-- DATA follows --
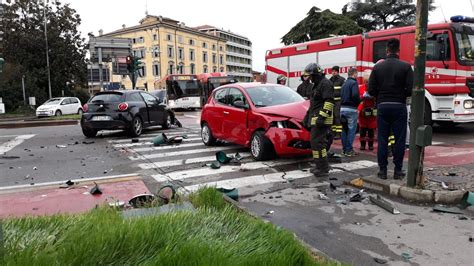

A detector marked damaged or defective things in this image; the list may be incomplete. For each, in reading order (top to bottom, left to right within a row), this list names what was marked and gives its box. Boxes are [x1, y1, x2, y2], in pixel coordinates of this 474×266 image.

damaged red car [200, 83, 312, 160]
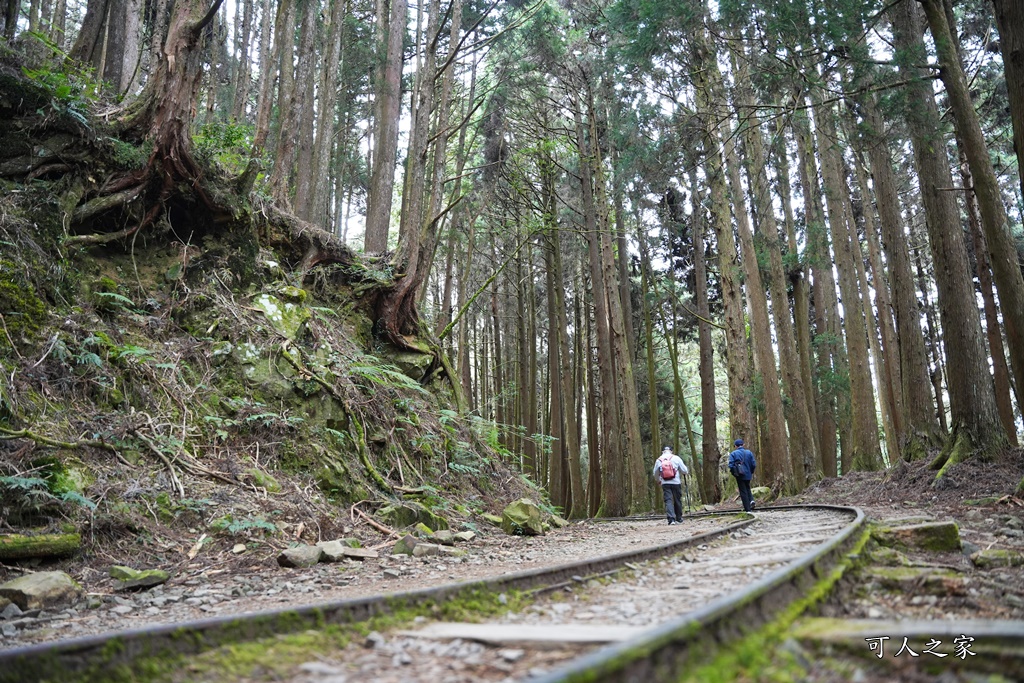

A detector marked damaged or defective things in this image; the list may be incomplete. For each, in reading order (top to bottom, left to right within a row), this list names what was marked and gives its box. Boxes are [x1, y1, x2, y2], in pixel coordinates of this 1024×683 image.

rusty steel rail [0, 511, 753, 679]
rusty steel rail [532, 501, 868, 683]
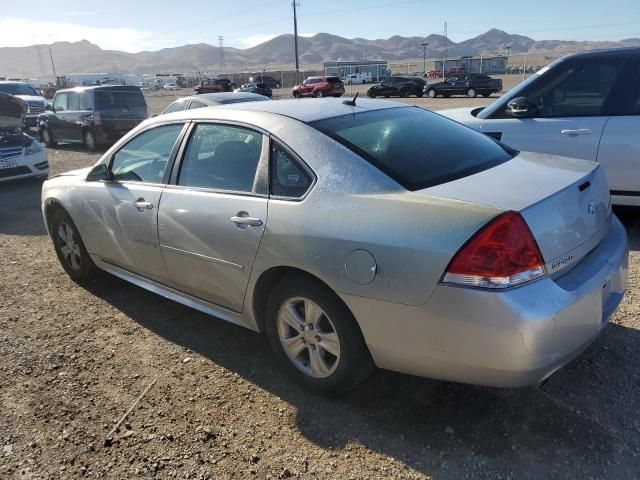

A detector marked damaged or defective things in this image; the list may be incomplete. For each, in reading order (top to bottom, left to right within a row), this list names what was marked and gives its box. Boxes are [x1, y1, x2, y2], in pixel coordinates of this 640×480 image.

dent on car door [480, 57, 624, 159]
dent on car door [79, 122, 186, 284]
dent on car door [160, 122, 270, 314]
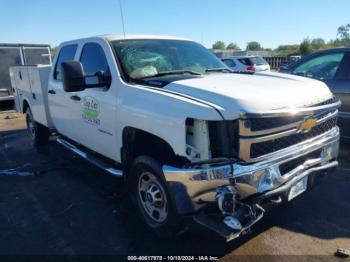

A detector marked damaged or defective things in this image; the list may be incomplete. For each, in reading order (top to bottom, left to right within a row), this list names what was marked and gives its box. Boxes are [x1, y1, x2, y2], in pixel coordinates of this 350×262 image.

damaged hood [164, 71, 334, 118]
damaged front bumper [163, 127, 340, 242]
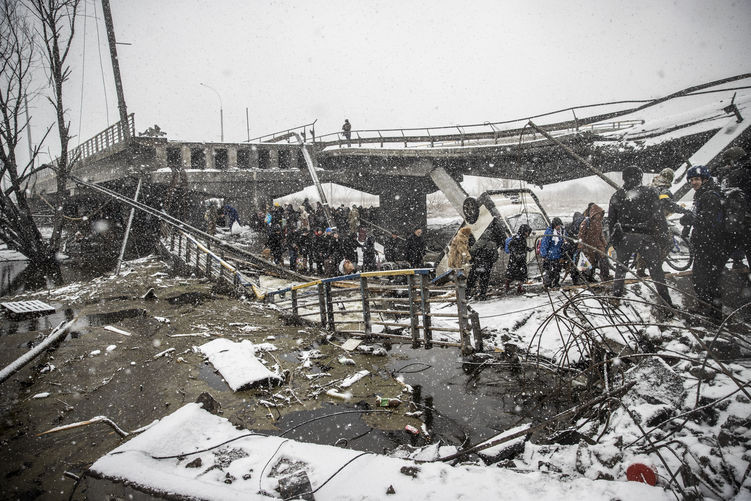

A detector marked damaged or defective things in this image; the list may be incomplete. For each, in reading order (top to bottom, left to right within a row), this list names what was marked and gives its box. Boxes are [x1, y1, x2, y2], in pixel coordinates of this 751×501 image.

damaged railing [264, 268, 482, 354]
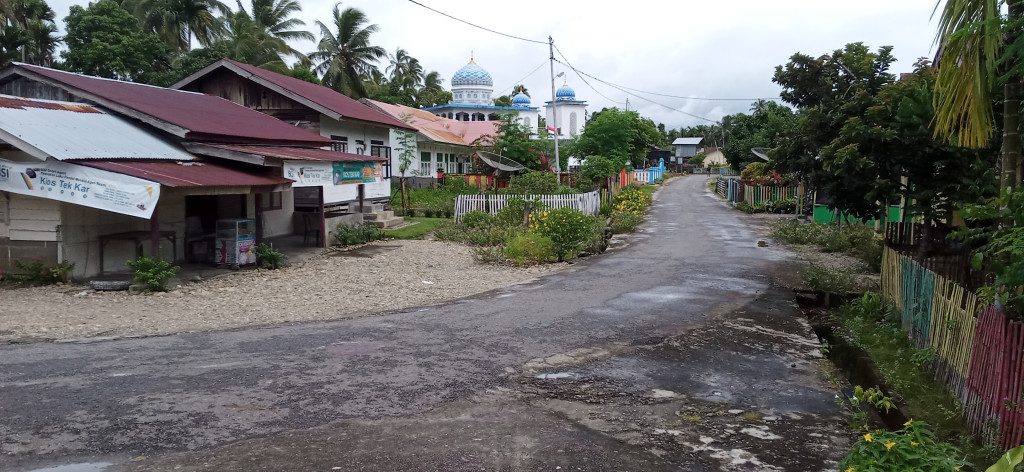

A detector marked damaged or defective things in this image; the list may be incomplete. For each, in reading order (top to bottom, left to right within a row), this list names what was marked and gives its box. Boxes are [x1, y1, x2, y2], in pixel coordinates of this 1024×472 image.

rusty metal roof [0, 93, 193, 161]
rusty metal roof [4, 62, 331, 145]
rusty metal roof [76, 158, 288, 186]
rusty metal roof [172, 59, 415, 132]
rusty metal roof [203, 143, 385, 161]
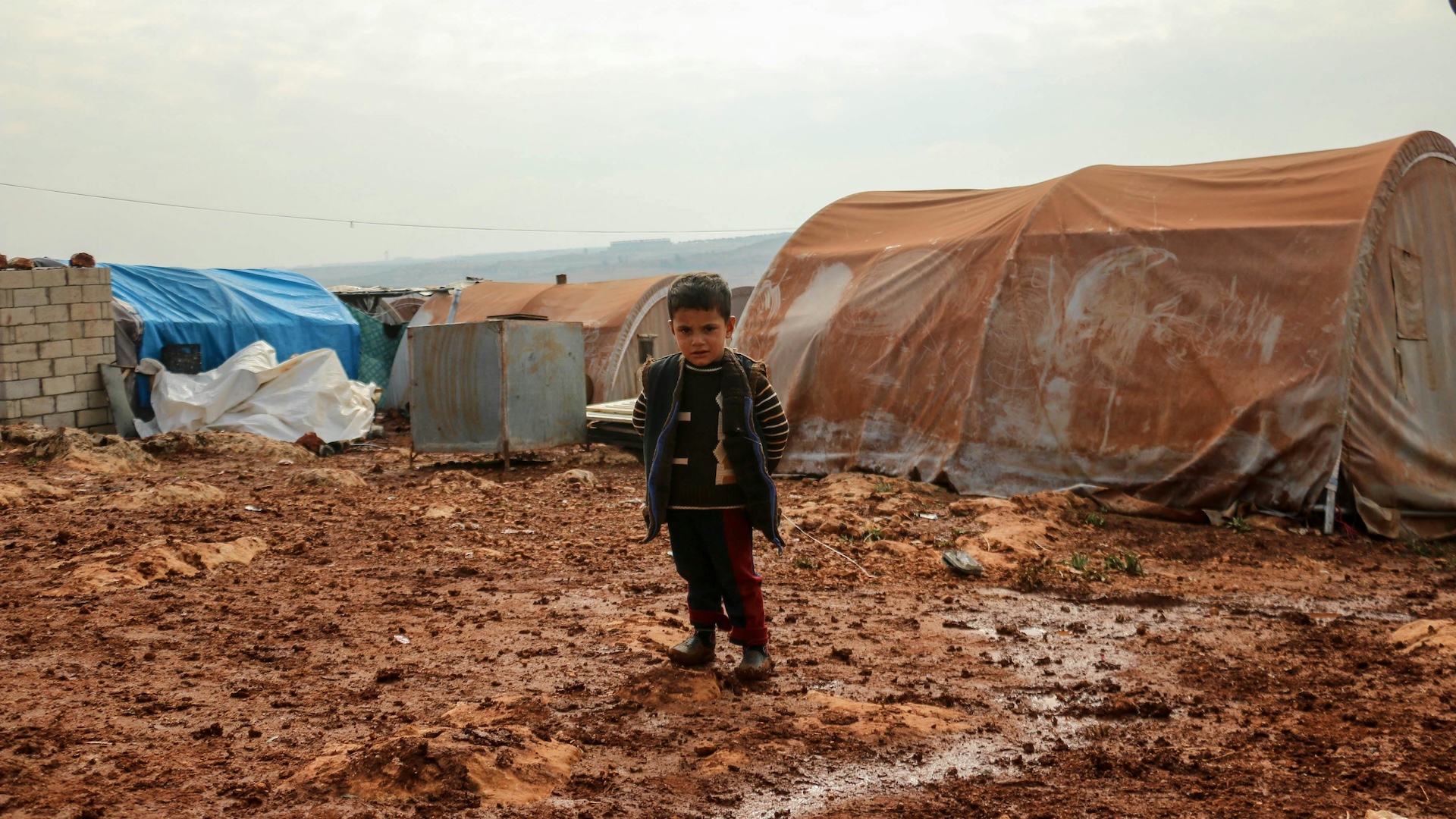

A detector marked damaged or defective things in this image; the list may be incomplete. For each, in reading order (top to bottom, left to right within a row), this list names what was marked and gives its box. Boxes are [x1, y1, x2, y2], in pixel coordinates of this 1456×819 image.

rusty metal sheet [410, 320, 585, 451]
rusty metal sheet [739, 133, 1456, 516]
-- DATA concluded --
--- ABOUT THIS EXERCISE ---
If the records contain pictures, skip them, and transcribe exactly every line from the one with "this 1024×472 image." through the last line.

--- ANSWER TO THIS EXERCISE ---
A detector marked damaged or defective things in this image; the list may be incomplete. For each, in reading order (top to bottom, left to right within a row), this list names what was marked and gives its box. Boxes are [x1, y1, x2, y2], in pixel coordinates of this 1024×472 image.

rusty metal roof [0, 93, 193, 161]
rusty metal roof [4, 62, 331, 145]
rusty metal roof [76, 158, 288, 186]
rusty metal roof [172, 59, 415, 132]
rusty metal roof [203, 143, 385, 161]

A detector marked damaged or defective things in this image; the list may be incomplete. For each, in reading order (top to bottom, left to right within a row), this list names what was marked and gives its box. Boxes are [x1, y1, x2, y2], in pixel coordinates of this 1456×819 image.

rusty metal sheet [410, 320, 585, 451]
rusty metal sheet [739, 133, 1456, 516]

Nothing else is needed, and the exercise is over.